A sensation of an endless space floods you once you step into that Chamber of Wonder, hosting a rotating chandelier made of Swarovski crystals, situated in a dark/dim lighted room wallpapered with mirrors. Add to that the reflection of yourself in the walls mirrors and you face an odd feeling of being mesmerized. Lost and (re)-found at once.
Chandelier of Grief seems to be an invitation to intense self-reflection that starts with recognizing that space created inside by the grief and continues with an endless encounter with yourself by being mirrored by the environment.
This immersion in the experiential Chandelier of Grief artwork left me with three coaching lessons:
1.Step into the Chamber of Wonder of your grief for finding your authentic You: “And, the intense light revolving dazzlingly sinks to the bottom of my heart.” says Yayoi Kusama in the Chandelier of Grief poem. No matter how frightening can be, I chose to visit this Chamber of Wonder, remove my inner masks and be vulnerable. From my current inner reality, I connect with my vulnerability, I recognize it and I caress it. My future self might need that for gaining authenticity. Therefore, I am asking myself: what if I would allow to myself to really connect with me? What if I would show my vulnerability? What would I lose? What would I gain?
2.Take the chance of meeting with yourself and discover your endless facets. The French psychoanalyst Jacques Lacan was talking about The Mirror Stage, a developmental stage in which the literal act of reflection is formative of the “I” Function. According to Lacan, this first look at the self that is reflected in the mirror, offers the infant an image of himself as a distinct, autonomous subject, despite the reality that he has at that moment only fragmentary self-knowledge. Despite the fact that this Lacan theory has been challenged and suffered changes over the time, that made me thinking that mirroring might be the very first moment of becoming self-aware, which seems to be such a valuable gift in the process of developing identity. If so, I am wondering: How much self-aware am I? What do I do for improving self-awareness? What are the angles from which I could look at myself? What these angles bring me? How do I differentiate myself?

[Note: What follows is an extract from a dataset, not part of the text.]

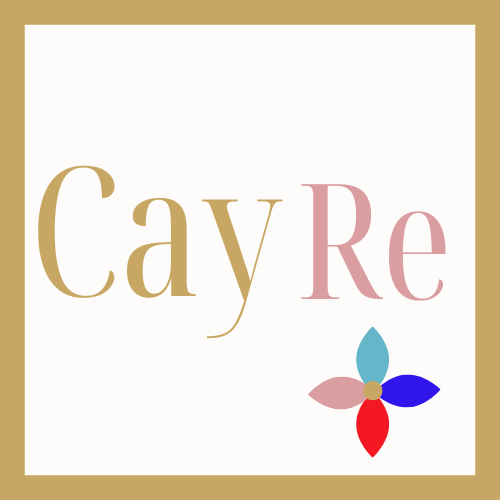 logo CayRE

3.Acknowledge you have always the choice of living your best version, despite the challenges life brings you. Yayoi Kusama lived a traumatic childhood, suffering from visual and aural hallucinations and being wedged between her parents. And yet, she was able to overcome her past and to make art of her emotional luggage. Keeping in mind that this life of complex childhood trauma nourished Kusama grand and salient art, I could not help myself thinking about the choices we have in front of life challenges and ask myself: How do I transform my emotional heritage? What do I want to experiment? What experiences do I choose for development? How does my best version look like? What am I doing for living my best version?
To me, Chandelier of Grief is not just an artwork, but an experience that might ignite growth. And for that, I am grateful!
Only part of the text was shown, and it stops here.